▶ [What the exercise asks]: Only the lines from the beginning of the data through the one with "Die beiden Tanzgruppen" belong in the answer, each retyped exactly, with pictures left out.

▶ [Data excerpt]:
☆ ☆ ☆ ☆

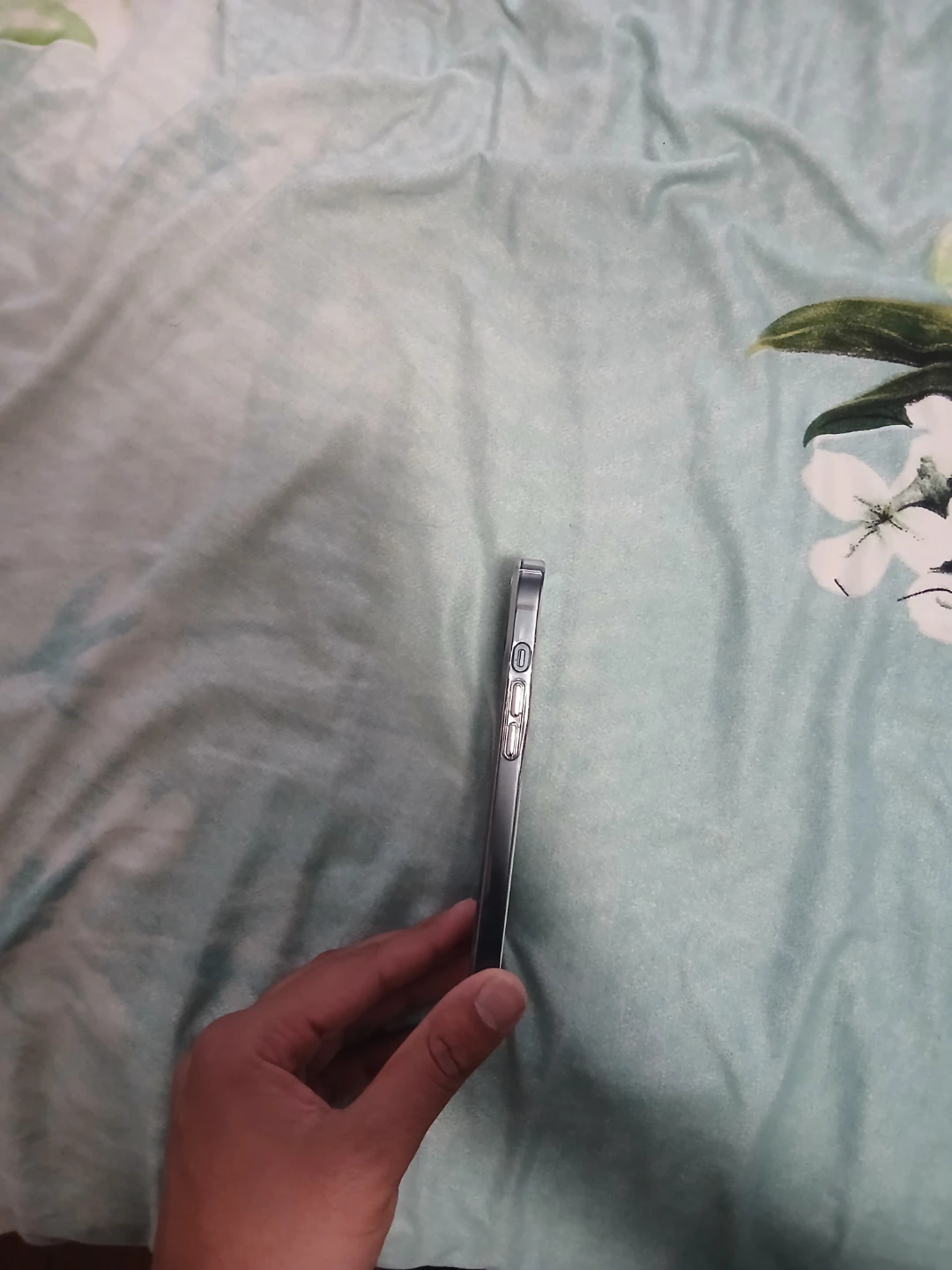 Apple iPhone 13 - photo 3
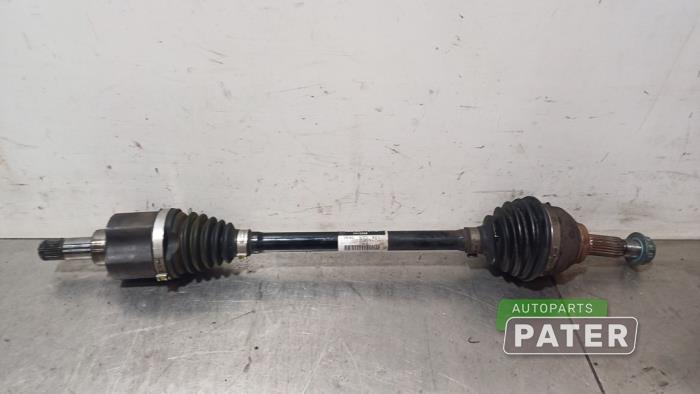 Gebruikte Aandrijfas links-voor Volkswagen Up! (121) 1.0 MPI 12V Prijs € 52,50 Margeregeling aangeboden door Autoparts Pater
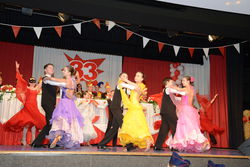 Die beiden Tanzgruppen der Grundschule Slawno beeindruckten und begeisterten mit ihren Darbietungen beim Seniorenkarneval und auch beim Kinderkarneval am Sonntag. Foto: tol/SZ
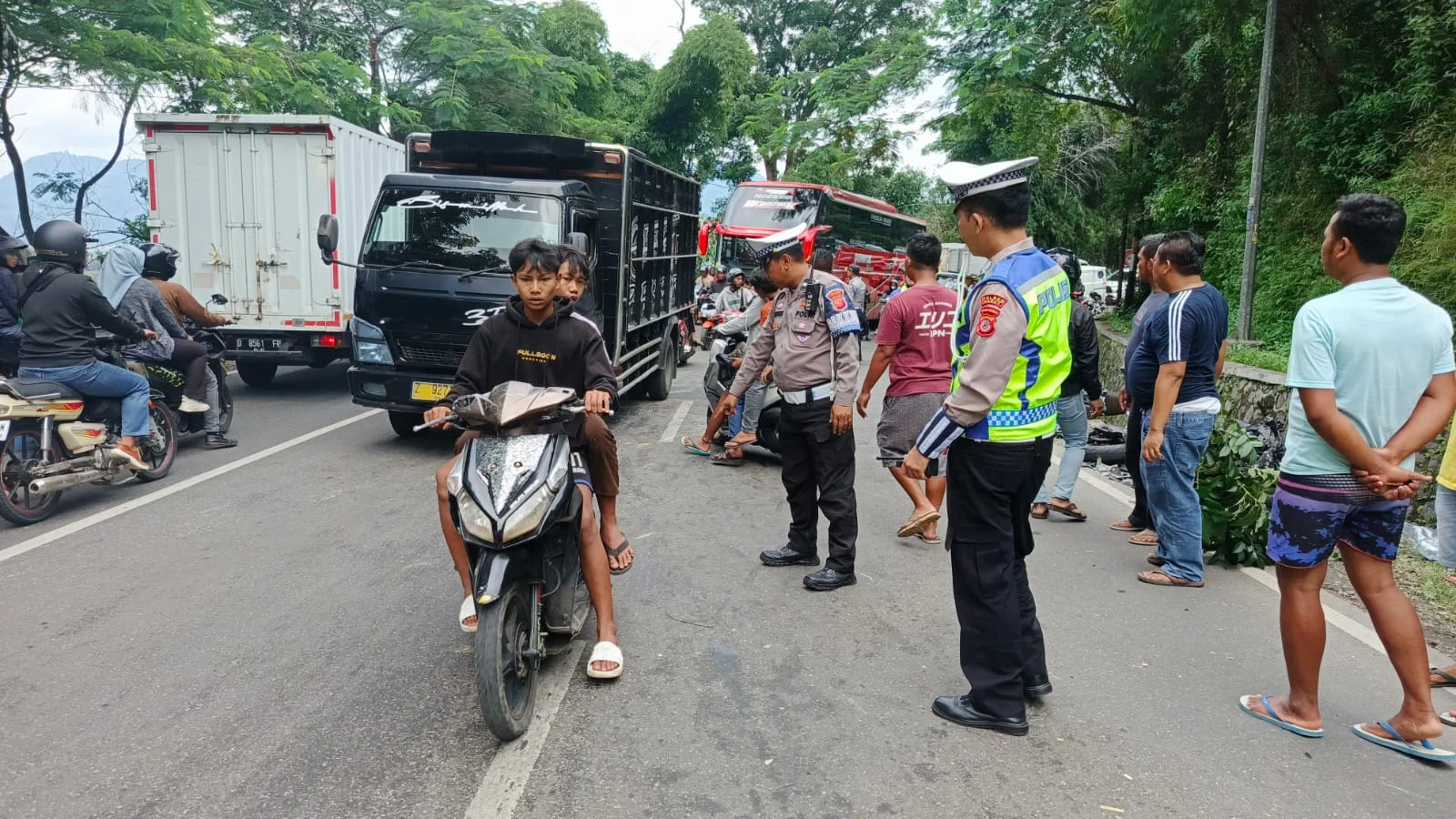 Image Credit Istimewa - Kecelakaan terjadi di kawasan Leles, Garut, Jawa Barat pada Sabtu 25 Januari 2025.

☆ ☆ ☆ ☆

▶ [Finished task]:
 Apple iPhone 13 - photo 3
 Gebruikte Aandrijfas links-voor Volkswagen Up! (121) 1.0 MPI 12V Prijs € 52,50 Margeregeling aangeboden door Autoparts Pater
 Die beiden Tanzgruppen der Grundschule Slawno beeindruckten und begeisterten mit ihren Darbietungen beim Seniorenkarneval und auch beim Kinderkarneval am Sonntag. Foto: tol/SZ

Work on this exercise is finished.